Counsel for plaintiff in error, in his reargument of this case, made in compliance with a request to that effect, contends that the provisions with respect to the creation of a body corporate and politic finds judicial sanction in People v. Kelly, 76 N. Y., 475, Walker v. City of Cincinnati, 21 O. St., 14, People v. Salomon, 51 Ill., 37, and in several California irrigation cases. Before attempting an expression of our own views, we shall indicate why these cases fail to establish the propositions in support of which they were cited.
In People v. Kelly an amendment of the constitution of the state of New York had prohibited cities *447and other municipal corporations from becoming interested in any stocks or bonds of any corporation, and from incurring any indebtedness except for county, city, or village purposes. It became necessary for the construction of the bridge between the cities of New. York and Brooklyn that those cities should own the aforesaid bridge, and, for its joint construction and control, a board of sixteen trustees, one-half of whom were to be appointed by the authorities of each city, was provided. This board was in no sense a body corporate or politic.
In Walker v. City of Cincinnati, Scott, C. J., in delivering the opinion of the court, said: “The general scope and purpose of the act is to authorize any such city to construct a line of railroad leading therefrom to any other terminus in the state or in any other state, through the agency of a board of trustees consisting of five persons, to be appointed by the superior court of such city, or if there be no superior' court, then by the court of common pleas of the county in which such city is situated. The enterprise .cannot, however, be undertaken until a majority of the city council shall, by resolution, have declared such line of railway to be essential to the interests of the city, nor until it shall have received the sanction of a majority vote of the electors of the city, at a special election, to be ordered by the city council, after twenty days’ public notice. For the accomplishment of this purpose the board of trustees is authorized to borrow a sum not exceeding ten millions of dollars, and to issue bonds therefor in the name of the city, which shall be secured by a mortgage on the line of railway and its net income, and by the pledge of the faith of the city *448and a tax to be annually levied by the council, sufficient with such net income to pay the interest and provide a sinking fund for the final redemption of the bonds.” Speaking of the trustees above provided for it was said in the opinion above quoted from: “But it is clear that the trustees are a mere agency through which the city is authorized to operate for its own sole benefit. Neither as individuals, nor as a board, have they any beneficial interest in the fund which they are to manage, or in the road which they are to build. They are in fact, as well as in name, but trustees, and the sole beneficiary of the trust is the city of Cincinnati.” These trustees, when organized as a board, certainly were not “a body corporate and politic.”

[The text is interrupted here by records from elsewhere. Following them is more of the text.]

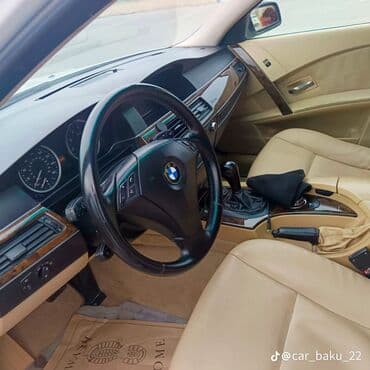 продажа авто азербайджан: BMW 5 Series (E60) sedan – 2005 il, benzin. Əsas xüsusiyyətlər: - — 9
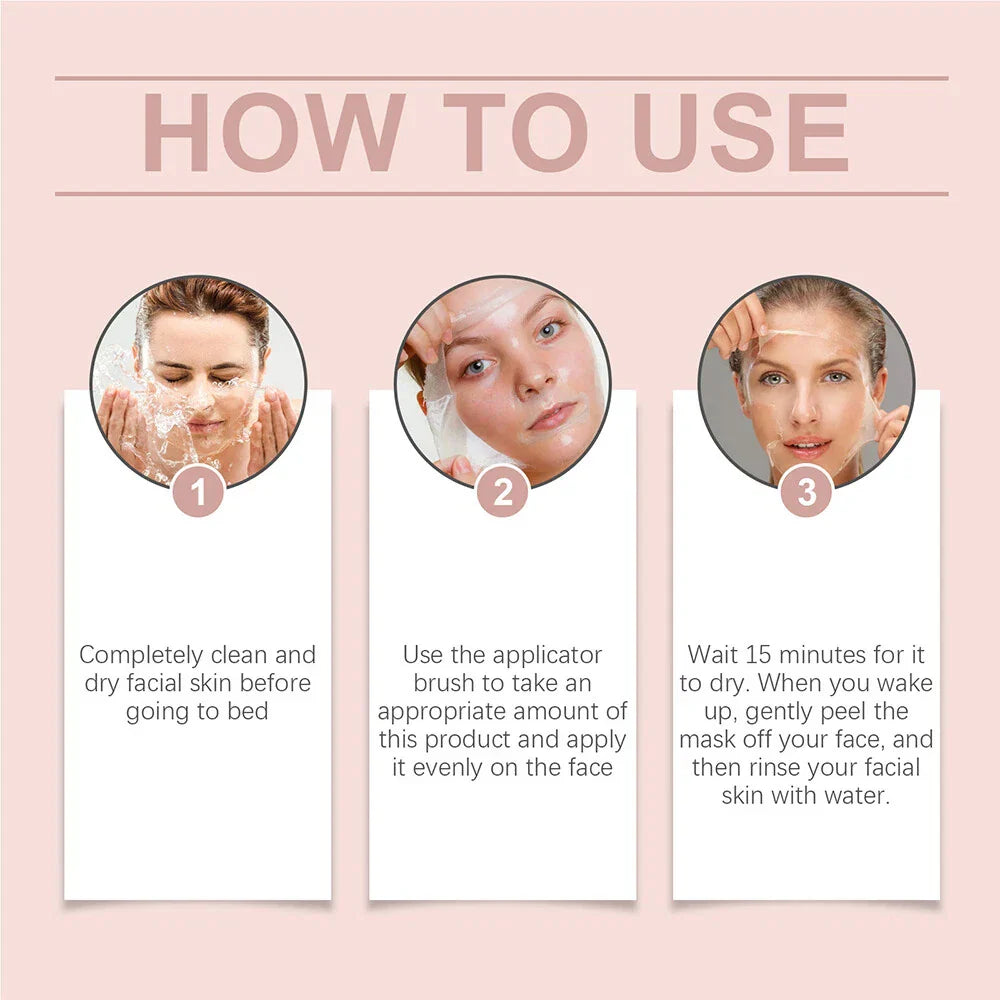 Collagen Overnight Peel-Off Facial Mask – Skin Renewal & Deep Hydration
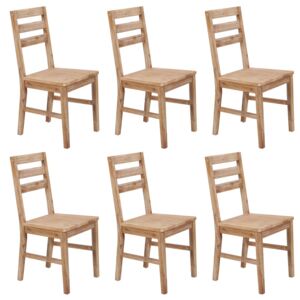 VidaXL Dining Chairs 6 pcs Solid Acacia Wood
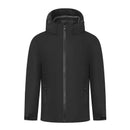 Chaqueta cortavientos deportiva térmica e impermeable para hombre negro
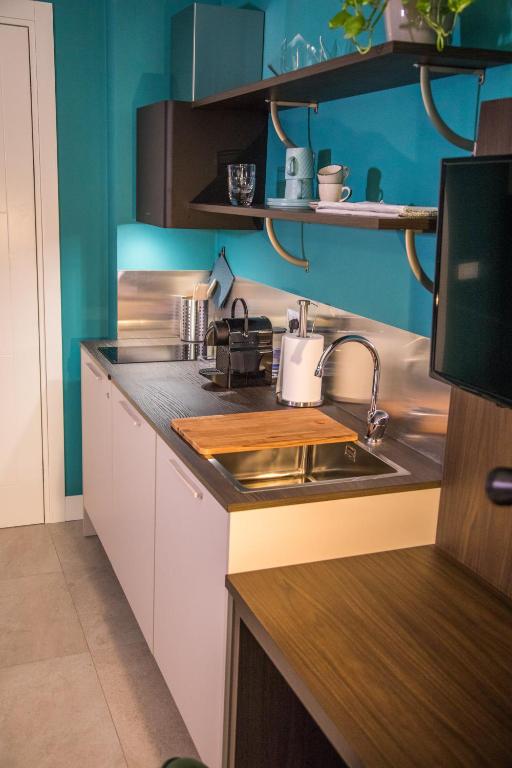 A kitchen or kitchenette at Casa Consani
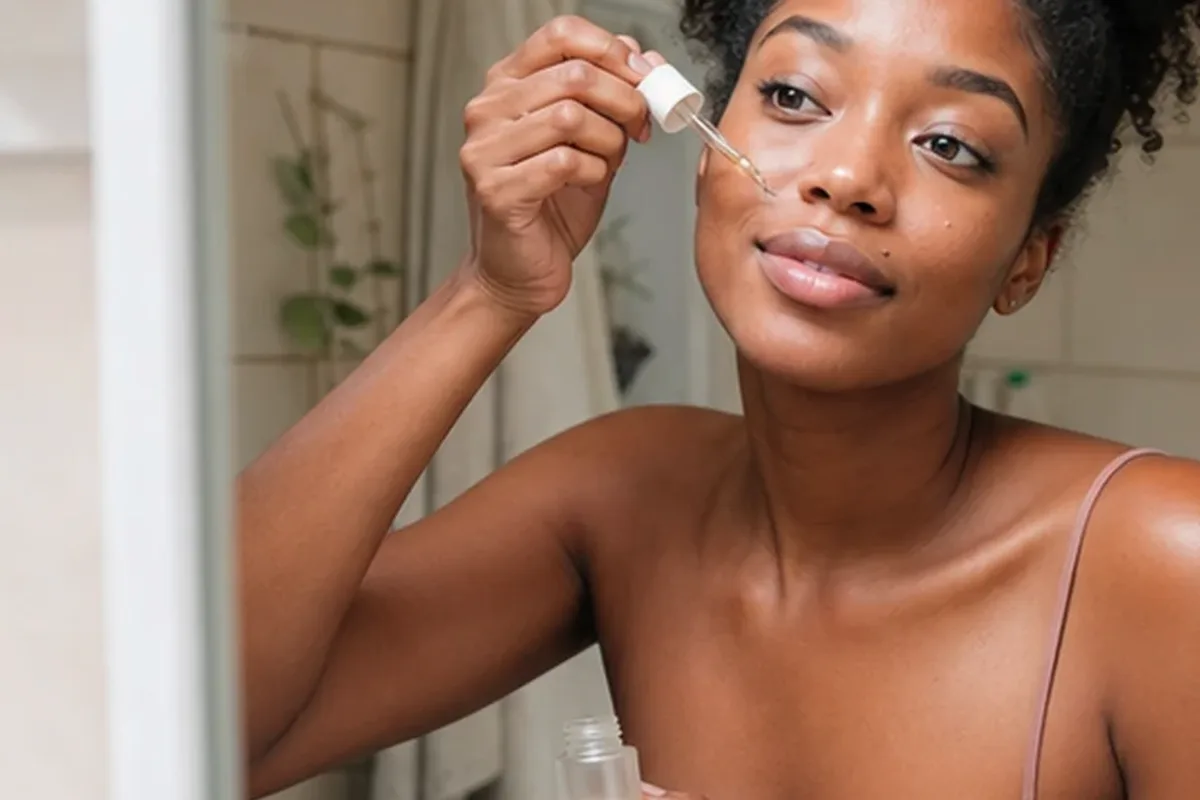 Hochwertige Beauty-Inszenierung zu Auswahlkriterien für Augenpflege für Mischhaut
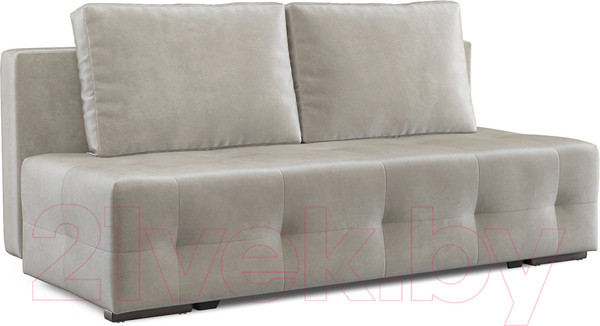 Изображение товара Диван Mebel-Ars Еврокнижка Марсель №1 (бархат бежевый/Star Velvet 6 Light Beige)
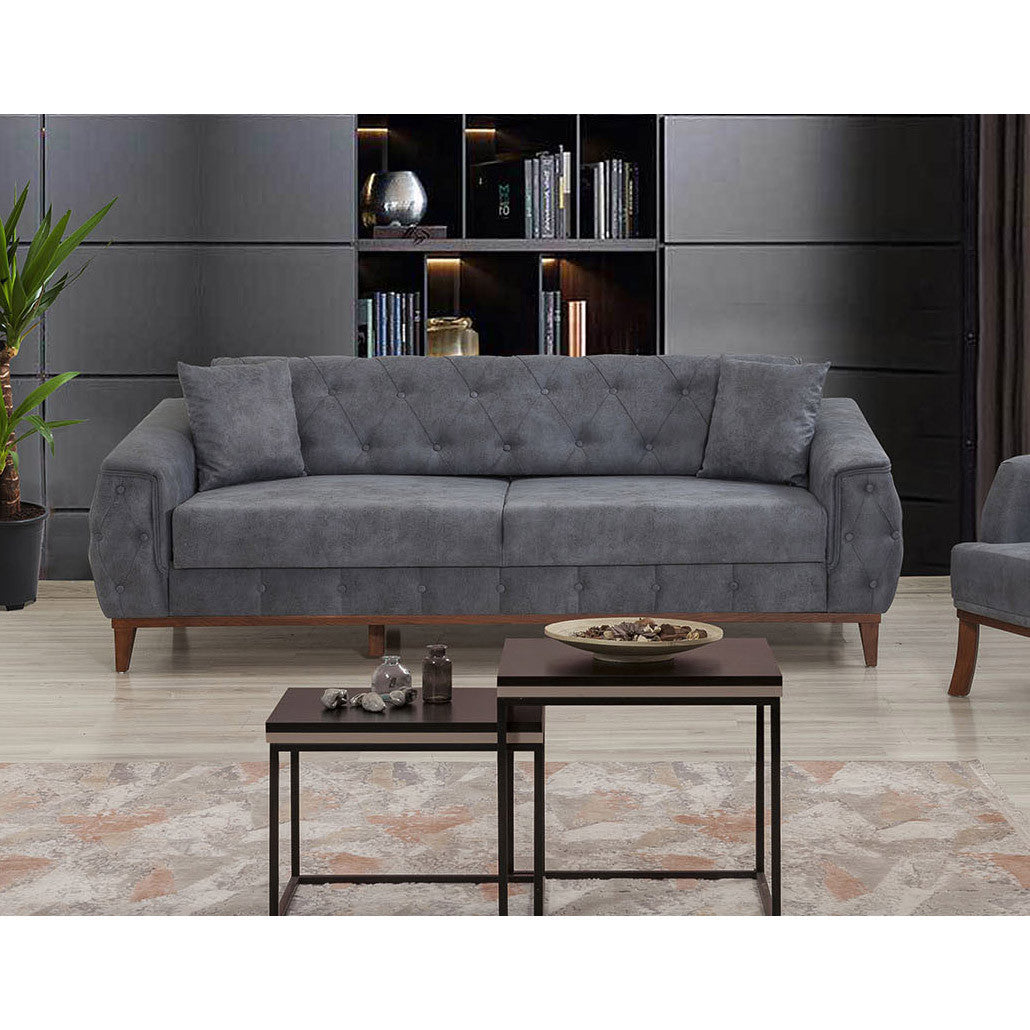 Canapea extensibilă 3 locuri Marta, Diverse culori, 225x94x85 cm - Albastru | SKU: 867UNQ1529 | Canapea extensibilă 3 locuri Marta, 225x94x85 cm, varianta Albastru, produs pentru amenajarea locuinței, disponibil online în România la CasaMob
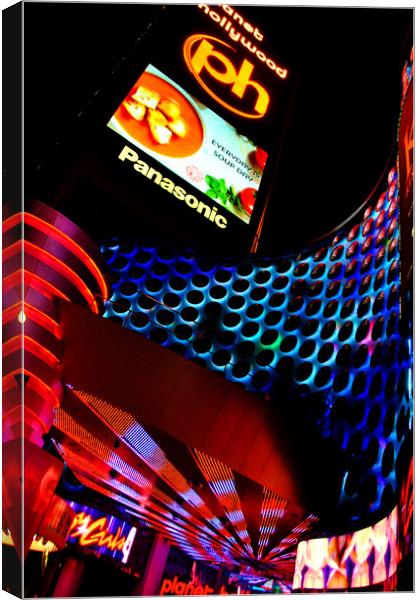 Planet Hollywood Hotel Las Vegas America Canvas Print by Andy Evans Photos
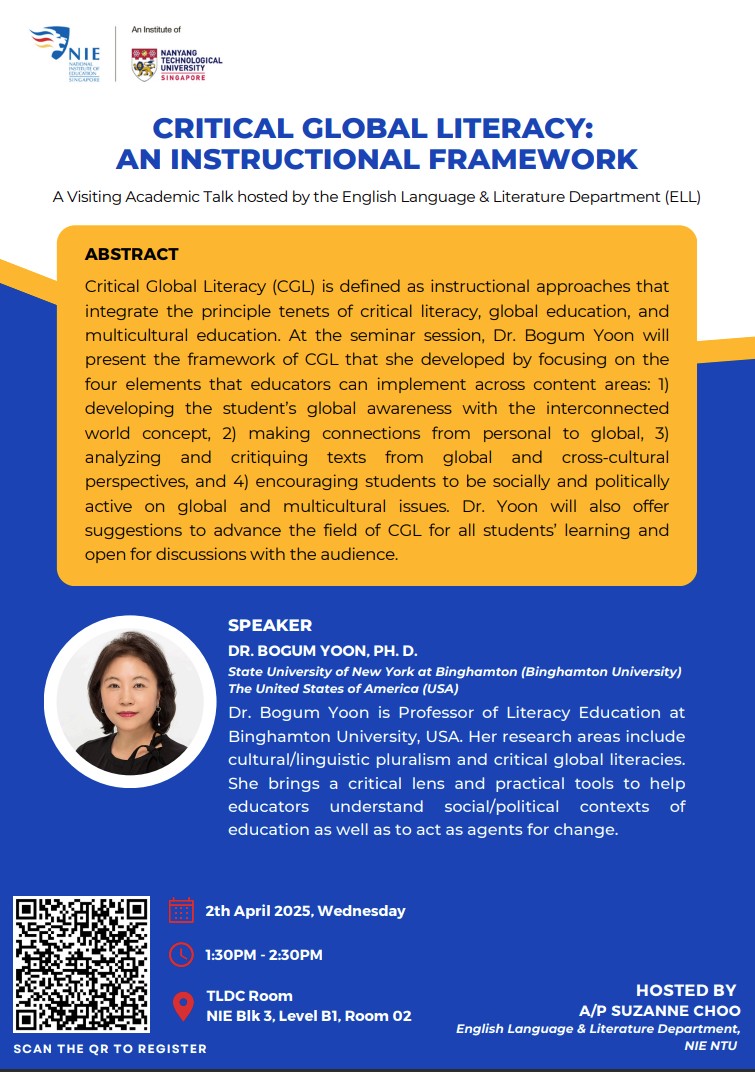 Critical Global Literacy An Instructional Framework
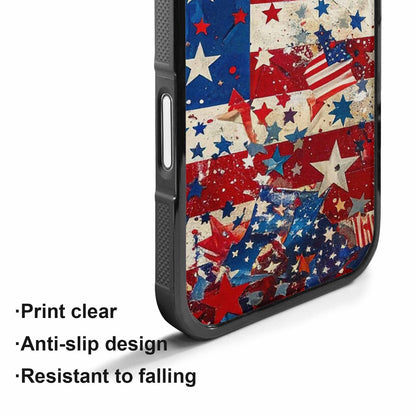 iPhone 17 Case — Patriotic Stars And Stripes Galaxy Space, Customized Protective Case
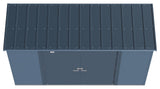 Arrow Select Galvanized Steel Storage Shed, Blue Grey, 10-ft x 4-ft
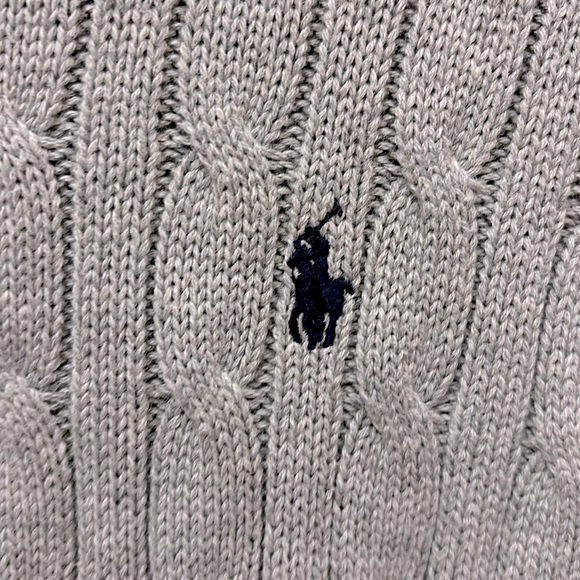 Polo Ralph Lauren| Cable-Knit Cotton Quarter-Zip Sweater - Picture 2 of 9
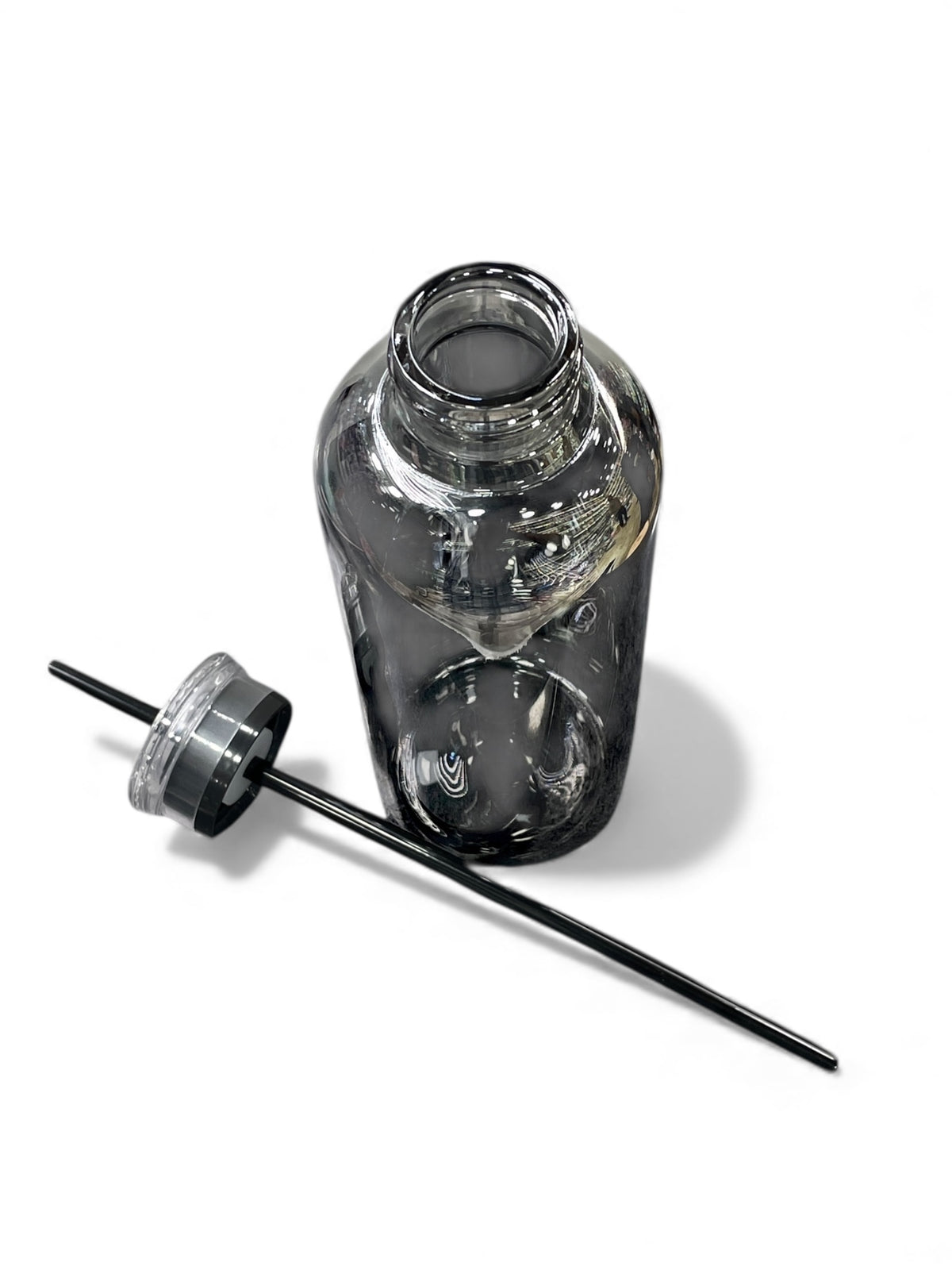 Smoky Transparent Straw Bottle 850ml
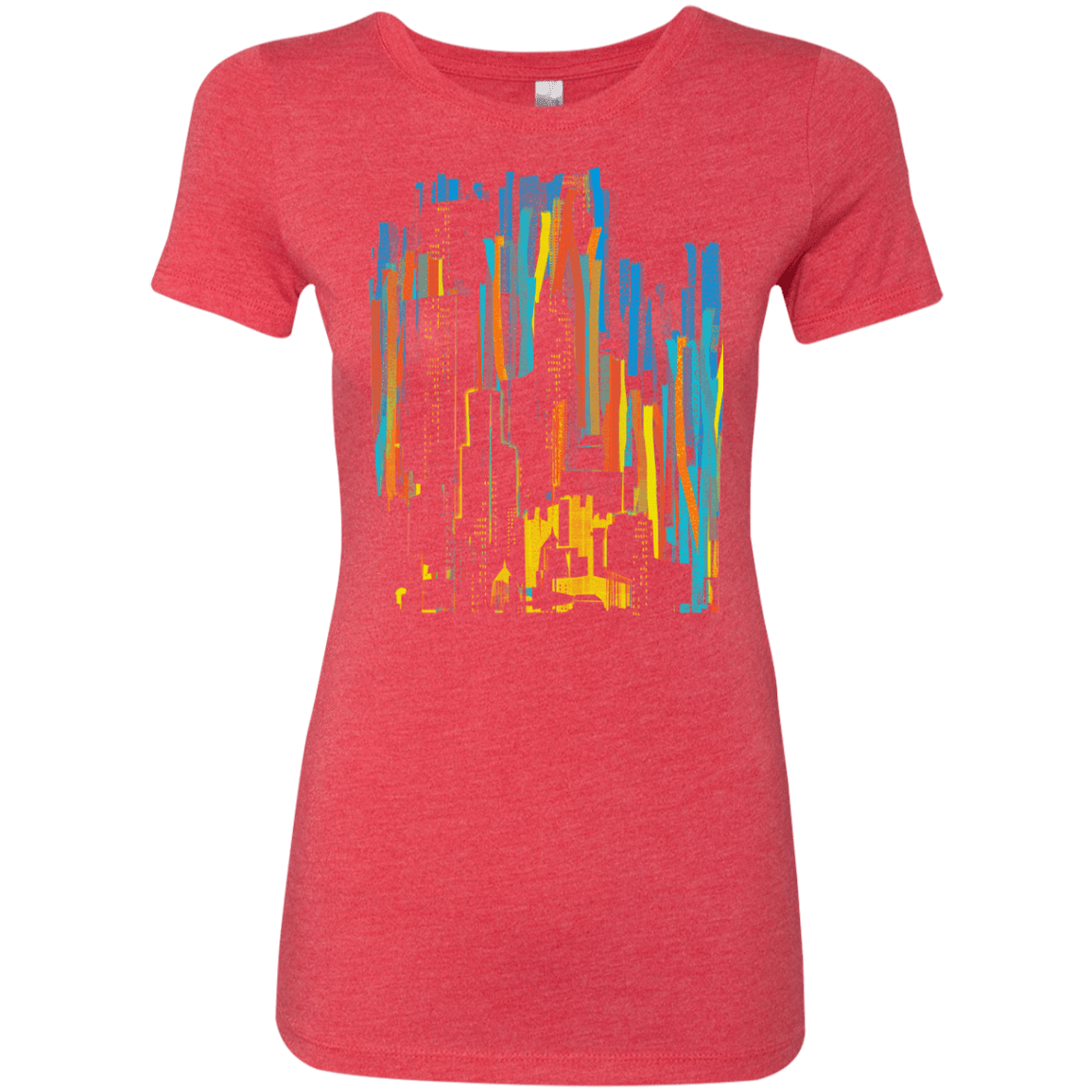 T-Shirts Vintage Red / S Stripey City Women's Triblend T-Shirt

In People v. Salomon the scope of the decision, in so far as it is applicable to this case, is thus expressed in the fourth paragraph of the syllabus: “Under the act of February 24, 1869, providing for the location and maintenance of a park for the towns of South Chicago, Hyde Park, and Lake, those towns were erected into a park district, and the people of the towns affected by the act having, by a vote, accepted its provisions, the board of park commissioners thereby created, to whom was committed the entire control of the park, became a municipal corporation, in whom it was competent for the legislature to vest the power to assess and collect taxes within the park district so created, for the special corporate purpose of its creation, and such is the effect of that portion of the act which requires the county clerk of the county in which the district is situated, on the estimate of the park commissioners, to place the amount re'quired, within certain limits, in the tax *449warrants for the towns embraced in the district.” The nature and functions of a district of the kind above referred to are found to exist in irrigation -districts, and, as the discussion of districts of this latter class applies equally to the park district above referred to, no further space will be devoted to a consideration of People v. Salomon, supra.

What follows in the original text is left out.